This action does not accept a selector. Use the `select` action before this to specify an element for typing.
###### (selector) choose
Selects an item from a `` tag.
Accepts a value of selector. _* This action does not support XPath._
###### (selector) extract
Extracts elements.
This replaces the elements' innerHTML with the HTML body tag inner HTML. Use this to lighten up the result source code.
Accepts a value of selector.
###### (selector) extractHard
Extracts elements.
Similar to the `extract` action except that this removes all head tag elements so the styles will be lost.
Accepts a value of selector.
###### (selector) waitForElement
Waits for an element to appear.
Accepts a value of selector.
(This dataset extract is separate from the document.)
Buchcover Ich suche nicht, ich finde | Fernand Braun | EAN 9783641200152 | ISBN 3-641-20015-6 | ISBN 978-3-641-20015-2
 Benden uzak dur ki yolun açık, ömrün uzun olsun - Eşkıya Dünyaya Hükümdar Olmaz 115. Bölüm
The selector can be XPath.
###### (void) waitForNavigation
Waits for the next page to load, used with clicking a link or submitting a form.
###### (integer) waitForTimeout
Waits for certain milliseconds.
Accepts a value of positive number.
### Setting Connection Timeout
On Heroku, each HTTP request should be responded within 30 seconds to avoid the recurring 503 error.
To set the timeout, use the `WPD_TIMEOUT` environment variable. It accepts milliseconds such as `29000`.
There are mainly two options:
- **a)** Create a file named `.env` with the following entry in the project root directory (the same location as app.js).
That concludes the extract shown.